◆ **Task item**: Look through the entries for the string "Vintage" and copy every line where it shows up.

◆ **Supplied records**:
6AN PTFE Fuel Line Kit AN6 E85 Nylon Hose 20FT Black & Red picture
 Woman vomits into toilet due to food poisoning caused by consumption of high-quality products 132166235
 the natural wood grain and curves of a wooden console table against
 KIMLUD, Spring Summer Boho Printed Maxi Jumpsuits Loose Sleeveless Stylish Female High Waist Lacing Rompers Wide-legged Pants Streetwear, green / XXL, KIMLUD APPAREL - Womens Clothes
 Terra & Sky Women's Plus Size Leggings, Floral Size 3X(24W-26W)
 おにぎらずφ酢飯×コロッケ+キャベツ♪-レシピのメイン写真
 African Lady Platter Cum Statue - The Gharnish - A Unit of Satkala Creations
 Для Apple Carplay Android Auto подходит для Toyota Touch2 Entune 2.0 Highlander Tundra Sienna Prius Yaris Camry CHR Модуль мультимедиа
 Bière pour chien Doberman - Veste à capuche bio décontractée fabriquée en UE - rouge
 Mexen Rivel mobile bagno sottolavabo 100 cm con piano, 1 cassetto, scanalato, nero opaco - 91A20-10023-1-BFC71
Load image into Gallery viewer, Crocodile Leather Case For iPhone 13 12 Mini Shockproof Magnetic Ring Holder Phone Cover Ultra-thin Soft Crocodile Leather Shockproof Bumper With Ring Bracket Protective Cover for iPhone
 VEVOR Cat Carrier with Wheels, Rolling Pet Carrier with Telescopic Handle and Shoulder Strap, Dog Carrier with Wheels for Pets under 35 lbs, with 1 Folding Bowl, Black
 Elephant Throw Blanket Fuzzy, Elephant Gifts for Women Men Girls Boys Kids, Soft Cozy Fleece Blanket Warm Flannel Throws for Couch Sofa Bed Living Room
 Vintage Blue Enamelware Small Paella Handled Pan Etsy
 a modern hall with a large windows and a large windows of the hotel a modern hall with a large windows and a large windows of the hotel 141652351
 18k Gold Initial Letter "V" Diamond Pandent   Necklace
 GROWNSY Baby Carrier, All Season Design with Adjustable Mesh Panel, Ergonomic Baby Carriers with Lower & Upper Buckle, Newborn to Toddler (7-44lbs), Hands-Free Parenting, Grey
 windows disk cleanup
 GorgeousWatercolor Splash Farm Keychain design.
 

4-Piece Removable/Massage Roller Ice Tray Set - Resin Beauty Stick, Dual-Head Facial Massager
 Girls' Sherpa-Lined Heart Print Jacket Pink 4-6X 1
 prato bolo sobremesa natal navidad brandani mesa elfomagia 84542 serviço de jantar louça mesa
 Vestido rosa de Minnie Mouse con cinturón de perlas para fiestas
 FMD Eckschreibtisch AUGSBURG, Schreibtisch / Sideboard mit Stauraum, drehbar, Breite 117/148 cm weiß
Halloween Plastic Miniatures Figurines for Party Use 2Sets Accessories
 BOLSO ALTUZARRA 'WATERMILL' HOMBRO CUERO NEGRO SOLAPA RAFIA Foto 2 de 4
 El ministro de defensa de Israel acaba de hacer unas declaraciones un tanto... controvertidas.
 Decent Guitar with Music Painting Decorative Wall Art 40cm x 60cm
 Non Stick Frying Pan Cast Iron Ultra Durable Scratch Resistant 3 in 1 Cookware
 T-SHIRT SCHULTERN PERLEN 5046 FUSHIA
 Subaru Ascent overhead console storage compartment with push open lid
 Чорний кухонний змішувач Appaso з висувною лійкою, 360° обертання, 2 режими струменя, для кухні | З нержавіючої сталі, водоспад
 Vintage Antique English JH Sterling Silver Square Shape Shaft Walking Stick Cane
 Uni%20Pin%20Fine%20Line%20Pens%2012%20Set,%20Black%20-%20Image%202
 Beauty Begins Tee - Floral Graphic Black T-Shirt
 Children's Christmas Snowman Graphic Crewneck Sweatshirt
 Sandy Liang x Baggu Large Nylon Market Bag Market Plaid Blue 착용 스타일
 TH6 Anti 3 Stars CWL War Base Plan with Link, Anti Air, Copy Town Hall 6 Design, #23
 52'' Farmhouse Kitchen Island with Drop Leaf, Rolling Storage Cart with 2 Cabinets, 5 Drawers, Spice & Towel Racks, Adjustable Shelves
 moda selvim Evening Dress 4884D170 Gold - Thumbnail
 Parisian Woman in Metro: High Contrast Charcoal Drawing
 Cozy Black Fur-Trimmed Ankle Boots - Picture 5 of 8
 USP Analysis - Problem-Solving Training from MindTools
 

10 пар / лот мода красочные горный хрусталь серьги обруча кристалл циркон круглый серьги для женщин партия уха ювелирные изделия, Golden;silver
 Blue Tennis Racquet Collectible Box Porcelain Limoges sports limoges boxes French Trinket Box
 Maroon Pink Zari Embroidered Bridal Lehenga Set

◆ **Response to this task**:
 Vintage Blue Enamelware Small Paella Handled Pan Etsy
 Vintage Antique English JH Sterling Silver Square Shape Shaft Walking Stick Cane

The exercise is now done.